The Rehearsal and Performance Room, the largest space in the house, was where Handel often rehearsed many of his works and had friends and colleagues in to hear them performed. Today musicians often use the space with its beautifully constructed harpsichord, made several years ago to replicate what Handel would have played, to practice and rehearse. Regular concerts are also given throughout the year on Thursday evenings and Sunday afternoons. Handel House comes alive when there are musicians playing there, and it is well worth a visit.
Some of Handel’s other well-known works include his orchestral suites Water Music and Music for the Royal Fireworks. There has been renewed interest in recent years in Handel’s operas, and often seasons at the English National Opera and the New York City Opera will include one of these works in their repertoire.
While Handel wrote more than 40 operas and some 18 oratorios, along with various cantatas and serenatas, chamber music and other musical compositions, he is largely identified as the composer of Messiah.

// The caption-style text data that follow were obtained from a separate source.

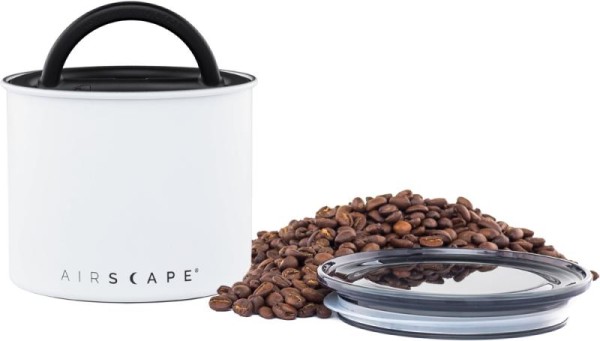 Airscape Kaffeedose klein, weiß matt, Edelstahl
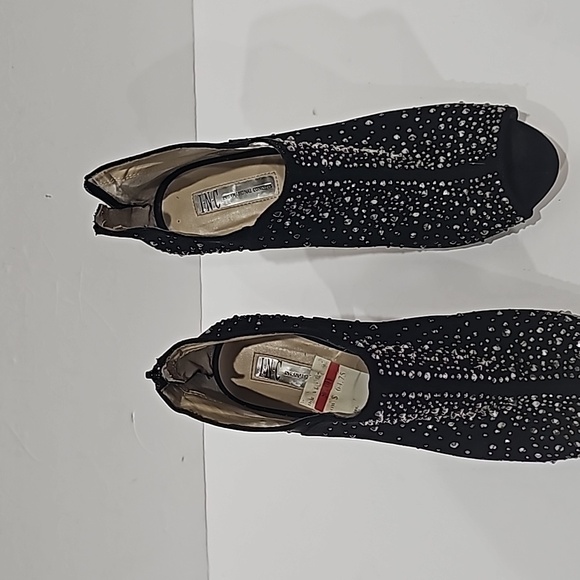 INC Black Suede with Rhinestone Booties Size 10 - Picture 13 of 15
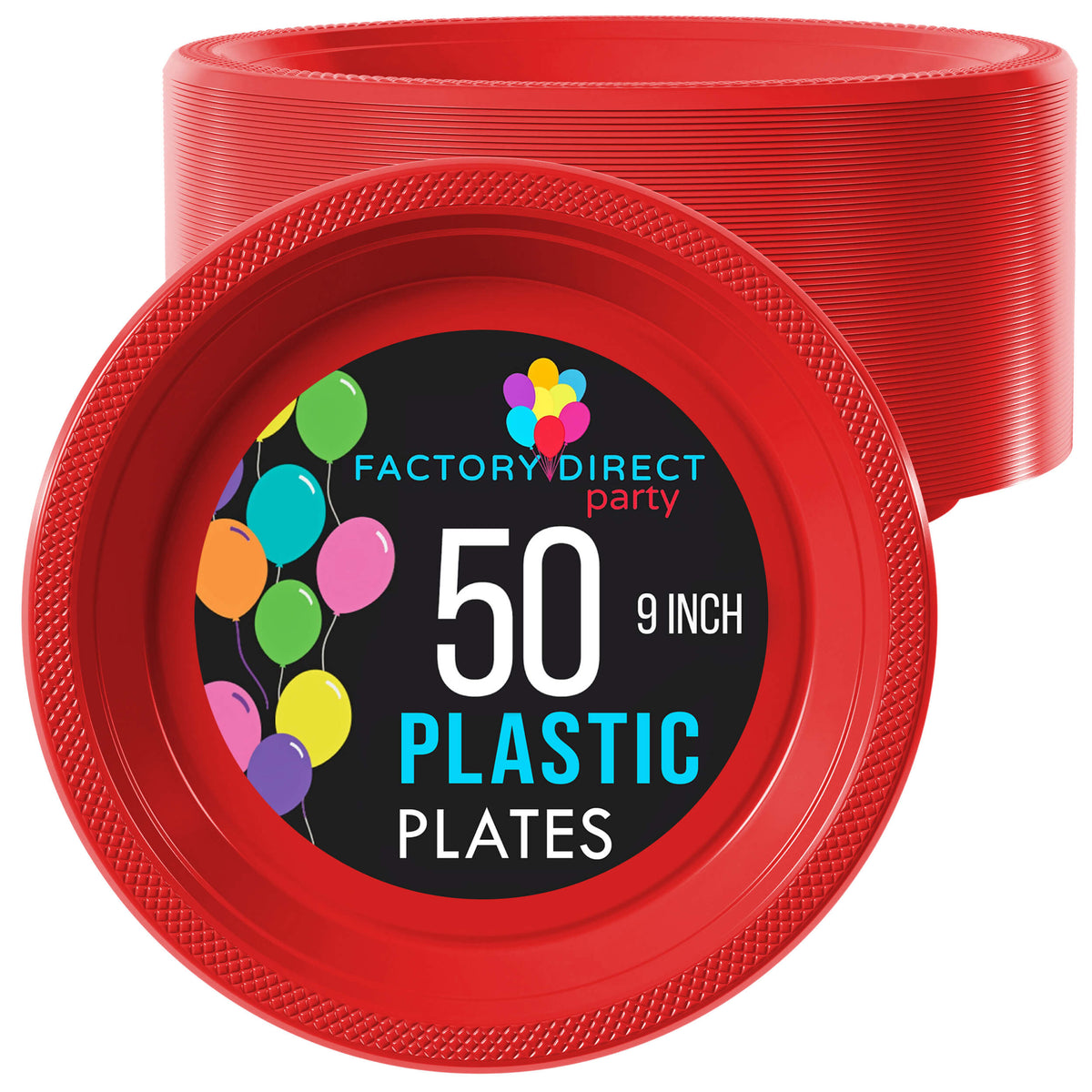 9 In. Red Plastic Plates | 50 Count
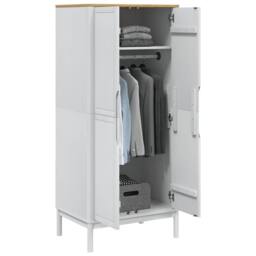 Berkfield Home Wardrobe FLORO White 77x53x171 cm Solid Wood Pine - Size: 77 x 53 x 171 cm - thumbnail 4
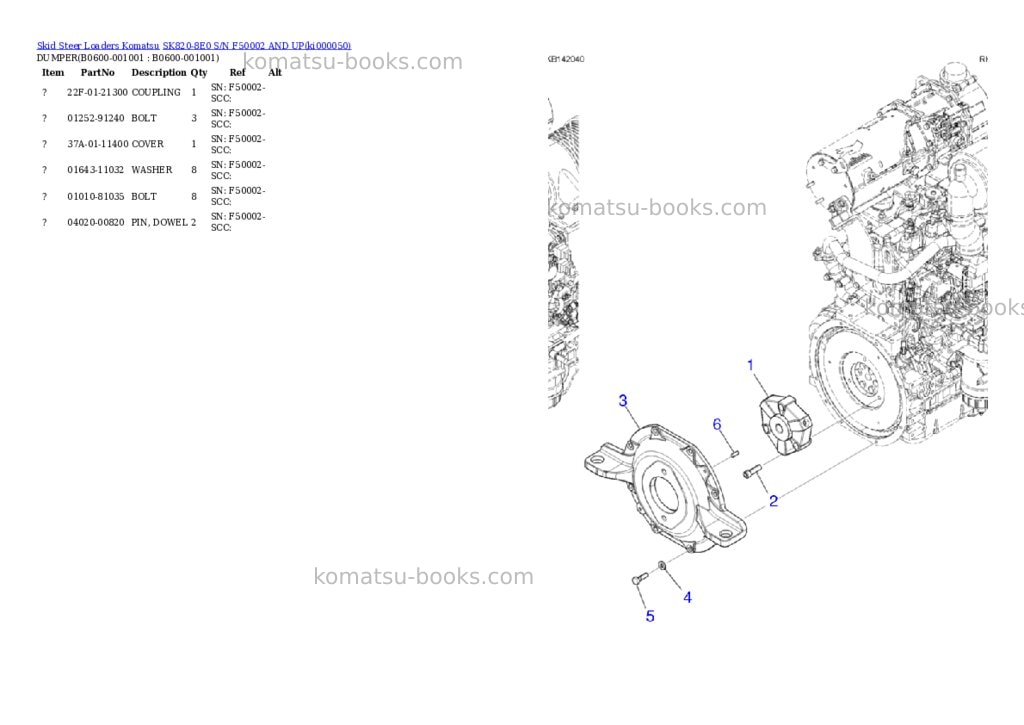 Komatsu SK820-8E0 S/N F50002 AND UP Parts catalog cover Page 7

Every year since 1742, Messiah has been performed somewhere. A note in the engagement diary of a George Harris in 1749 noted that he “heard Messiah rehearsed, Handel’s.” After 1750 and the first of the charity performances at the Foundling Hospital, the popularity of Messiah became and remains unprecedented.
George Frideric Handel, gave his last performance of Messiah on April 6, 1759, at Covent Garden. Returning home from conducting, he took to his bed. His health had not been good for several years, and he had also lost his eyesight. Eight days later, on the Saturday morning of Holy Week, Handel died. He had never married. By then, Handel was famous throughout the country; his works were performed everywhere and his name drew large audiences.
In accordance with his final wishes, Handel’s funeral and burial were at Westminster Abbey, where some 3,000 people gathered to pay their respects on April 20—further confirmation of Handel’s status as an English national treasure. A monument created by Louis-François Roubiliac, who had made the earlier Handel statue for Vauxhall Gardens, was later placed on the wall above Handel’s grave at Westminster Abby and remains there today. A fitting tribute, the monument’s life-size figure of Handel depicts him holding the musical score for his famous and ever popular soprano solo “I know that my Redeemer liveth,” from Messiah.